Description
A quick and healthy recipe for vibrant Mediterranean steak bowls packed with flavorful ingredients.
Ingredients
Scale
- 2 cups cooked quinoa (or brown rice)
- 1 lb steak (sirloin or flank)
- 1 cup cherry tomatoes, halved
- 1 cucumber, diced
- 1 bell pepper, diced (red or yellow)
- 1 avocado, sliced
- 1/4 cup red onion, thinly sliced
- 1 cup fresh parsley or arugula, roughly chopped
- Olive oil, for drizzling
- Salt and pepper, to taste
- Juice of 1 lemon
- Feta cheese, optional for topping
- Hummus, for serving (optional)
Instructions
- Cook quinoa according to package instructions. Set aside.
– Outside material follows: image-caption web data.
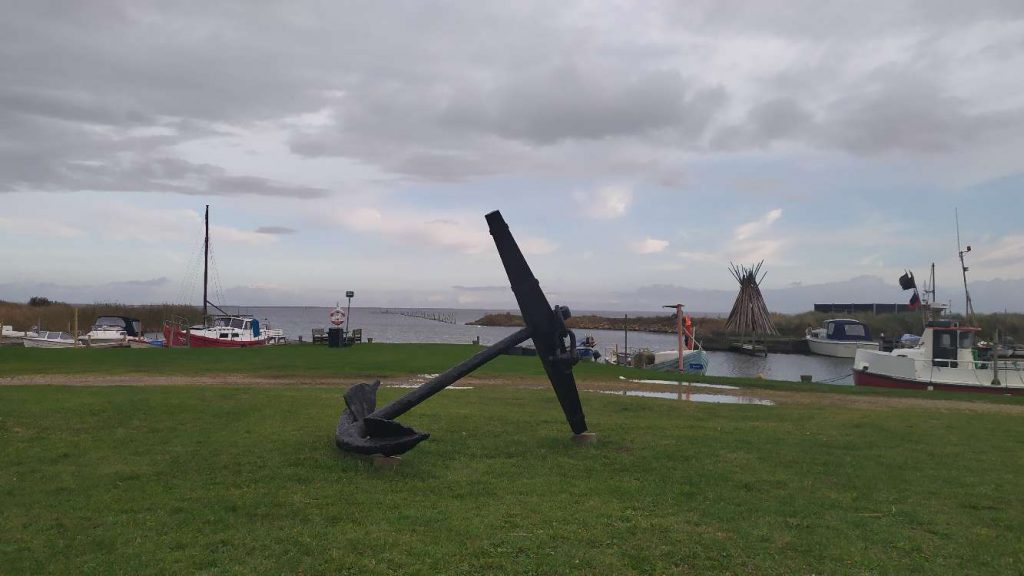 Schiffsanker auf grüner Wiese – Sinnbild für Halt und Erdung
Alt-Text: Schiffsanker auf einer grünen Wiese, Boote und Wasser im Hintergrund – Sinnbild für Erdung, Sicherheit und ein reguliertes Nervensystem
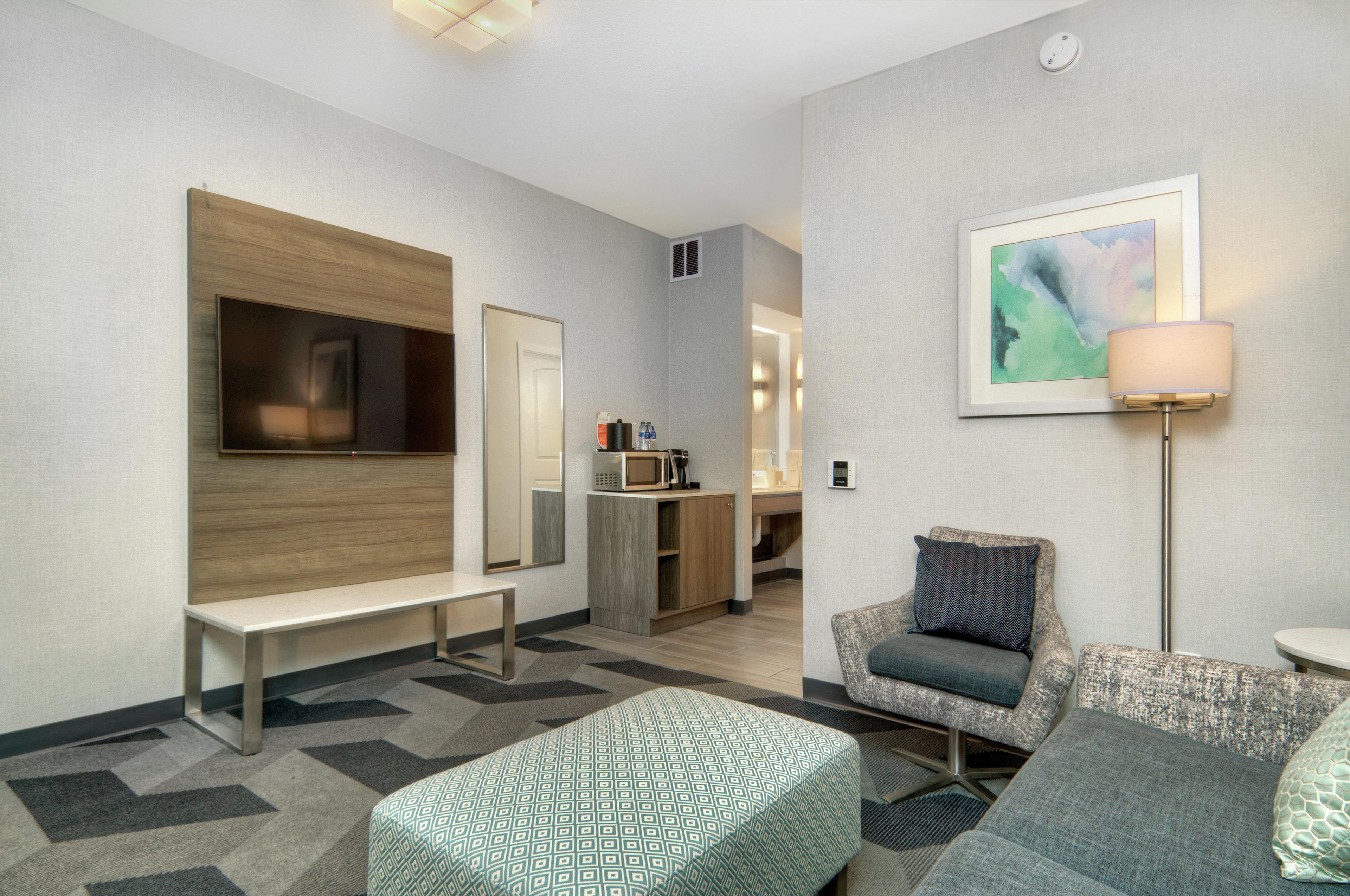 A hotel room with a TV, a bench, a sofa, a lamp, and a painting on the wall.
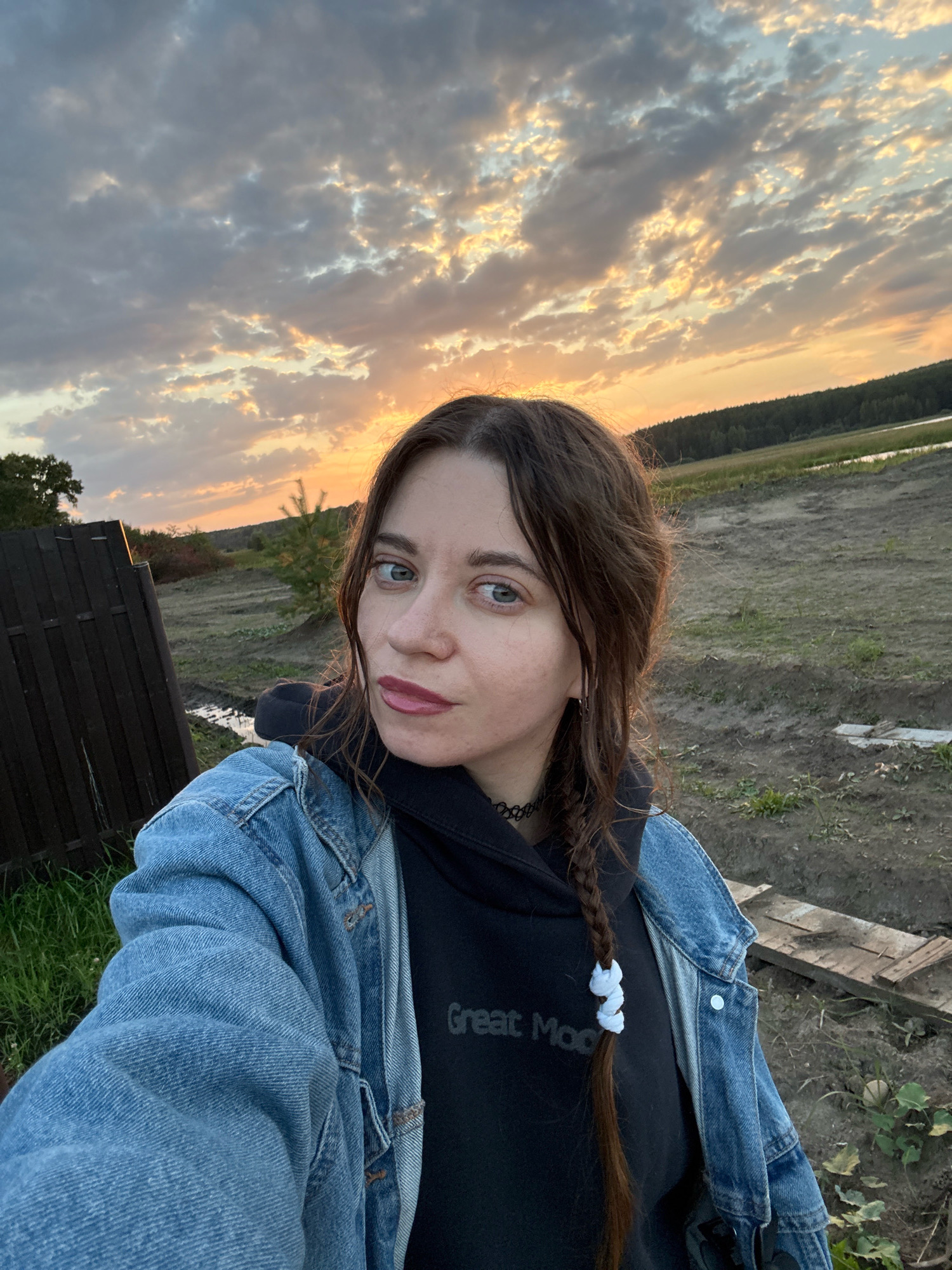 A young woman is taking a selfie outdoors at dusk. She has long, brown hair braided to one side and is wearing a denim jacket over a black hoodie. The background shows a rural landscape with a wooden fence, trees, and a body of water in the distance. The sky is filled with clouds and the setting sun, casting a warm glow over the scene. The location is identified as Pakly, Russia.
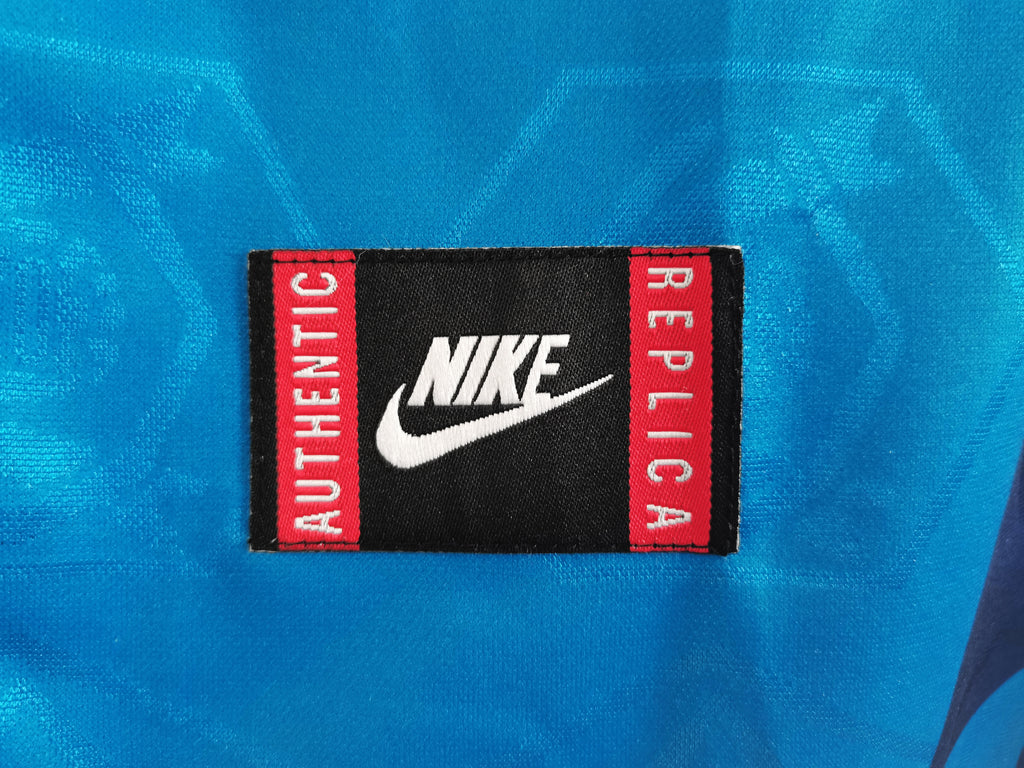 Nike woven neck label with 'AUTHENTIC' and 'REPUBLICA' text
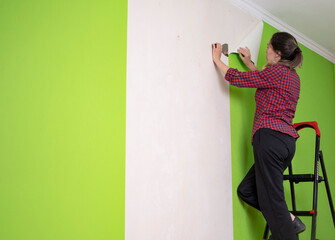 A woman on a stepladder near a wall with torn wallpaper. Wallpaper change, renovation in the apartment and at home. A woman performs wall repairs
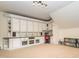 Bonus room with built-in shelving and adjacent desk area with a view of backyard at 111 Gathering Place Pl, Durham, NC 27713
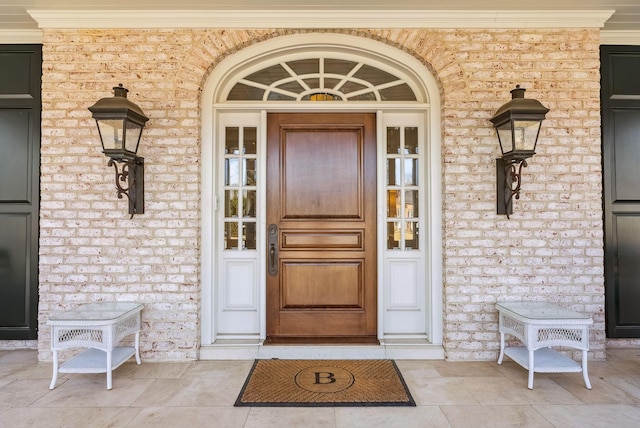 entrance to property with covered porch and brick siding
- Heat a grill pan over medium-high heat and season the steak with salt and pepper.
- Cook steak for 4-5 minutes on each side for medium-rare. Let it rest, then slice thinly against the grain.
- In a bowl, combine cherry tomatoes, cucumber, bell pepper, red onion, and parsley or arugula. Drizzle with olive oil and lemon juice, toss gently.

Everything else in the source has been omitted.